A few good guys excepted, but in general it's simply not their money, so
they don't care.
Sometimes there are good reasons for this. So it's not like that the persons
having the
above actions are bad guys. It's easier to get 20 million euro from
goverment
sometimes than to get 1 million.
d) It is definitely the case that i do not see 'bad' persons on those
spots,
it's just that the average government official knows nothing from
contracts. They have doctor and professor titles,
because one day they were good somewhere in some domain, and perhaps
even are today; they aren't on that
spot because they are good in contracts. Government jobs pay based
upon number of titles you've got,
they don't pay based upon how good you are in closing deals and
closing good contracts. They sit there because
they are good in working with commissions which are good for your
health; such commissions usually have nice meetings,
unlike companies where meetings are usually way harder as tough
decisions get forced there.
Find me 1 burocrat on entire planet who is good in contracts and sits
at the right spot to decide what happens.
I saw this in politics even more than in HPC. Those sectors
go about a lot more money than several tens of millions. Highend
supercomputing
really is about little money if you compare it with other infrastructural
projects. In telecommunication
i remember a meeting i had with a manager of a telecommunication company who
nearly wanted to
beat me up when en passant i remarked to him that such a wireless station of
around 60 watt i would never
want in my garden, as 60 watt straight through my head i do not consider as
a healthy way of life.
Even if they would offer me 20k euro a year for it, like they do to farmers
for example.
Compared to that HPC is near holy. It is not bad for health.
It's good for health in fact as it avoids for example atomic test blasts and
at a very cheap price too.
So in comparision to telecommunication and high voltage power and gas pipes
where you see sometimes
complete idiocy which is near to or equal to corruption and mixed interests;
i'm 100% sure this isn't the case in HPC.

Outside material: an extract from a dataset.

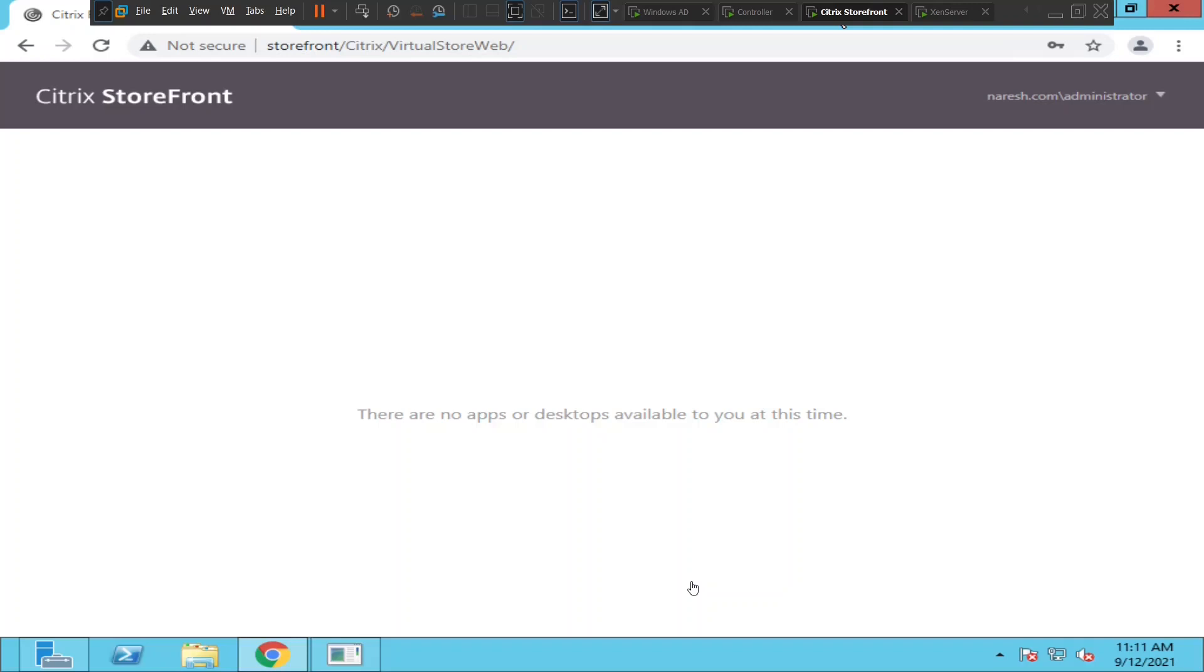Hi everyone, I'm trying to troubleshoot this particular problem. I logged into my StoreFront server today and it says there are no apps or desktops available to you at this time.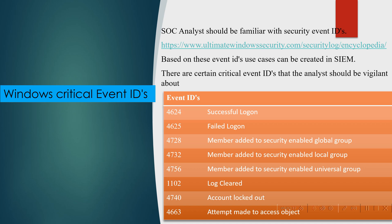Here we will discuss critical security event IDs. There is a URL provided — visiting that URL will give details of different security event IDs under Windows systems. As a SOC analyst, we should be careful about certain critical event IDs. I have mapped eight critical event IDs that SOC analysts need to focus on: 4624, 4625, 4728, 4732, and up to 4663.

The talk i had with next director looks worse than his actions
are in fact. He's a good guy and really did do his best, but next
conversation is typical for government.
We were standing at a certain big supercluster. 1 meter away from it.

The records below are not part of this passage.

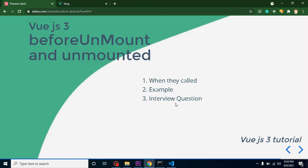The first question is: when are they called? Let's say you have a component and on a button click you want to remove it. That button is in the parent component or anywhere else. Before removing that component from the UI, the beforeUnmount lifecycle method is called, and after the component is removed, unmounted is called. In Vue.js 1 and 2 these were called beforeDestroy and destroyed, but in Vue.js 3 they are beforeUnmount and unmounted.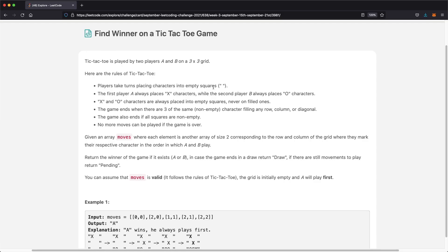Hello everyone and welcome back to another video. Today we're going to be solving the LeetCode question: find winner of a tic-tac-toe game. In this question we're going to be playing a tic-tac-toe game and the two players are going to be A and B on a 3x3 grid.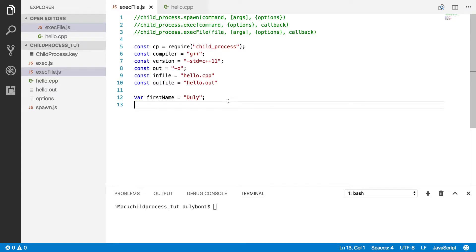Hey guys, this is Dooley. In this video, we are going to continue talking about the child process module in Node.js. We will focus on the exec file function. This function, just like exec and spawn, will allow us to create child processes, but in a slightly different way.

In the huge sound it produced he said: "we bought this giant machine for a
lot of money
and i was promised at the time that we could simply
upgrade it a few years later by putting in a new processor.
Now we have already take it out in production by 2006,
with by then completely outdated processors. Just upgrading those cpu's
would still make it a powerful machine. New dual core 700Mhz processors are
expected to
arrive by 2005 or even 2006 and will not be socket compatible. So we got
tricked and in
fact lost a lot of money by buying this machine as it can't get upgraded."
Me: "But you signed a contract which takes care you can sue them now?"
[ear deafening silence]
Best regards,
Vincent
Director DiepSoft
www.diep3d.com
p.s. certain people in HPC only seem to react when they feel attacked or
insulted
>> They either give the job to a friend of them (because of some weird
>> demand that just 1 manufacturer can provide),
>> or they have an open bid and if you can bid with a network that's $800 a
>> port, then that bid is gonna get taken over
>> a bid that's $1500 a port.
>
> The key is to set the right requirements in your RFP. Naive RFPs would
> use broken benchmarks like HPCC. Smart RFPs would require benchmarking
> real application cores under reliability and performance constraints.
>
> It's not that "you get what you pay for", it's "you get what you ask for
> at the best price".
>
>> This where the network is one of the important choices to make for a
>> supercomputer. I'd argue nowadays, because
>> the cpu's get so fast compared to latencies over networks, it's THE most
>> important choice.
>
> In the vast majority of applications in production today, I would argue
> that it's not. Why ? Because only a subset of codes have enough
> communications to justify a 10x increase in network cost compared to
> basic Gigabit Ethernet. Your application is very fine grain, because it
> does not compute much, but chess is not representative of HPC workloads...
>
>> My government bought 600+ node network with infiniband and and and....
>> dual P4 Xeons.
>> Incredible.
>
> again, you don't know the whole story: you don't know the deal they got
> on the chips, you don't know if their applications runs fast enough on
> Xeons, you don't know if they could not have the same support service on
> Opteron (Dell does not sell AMD for example).
>
> By the way, your gouvernment is also buying Myrinet ;-)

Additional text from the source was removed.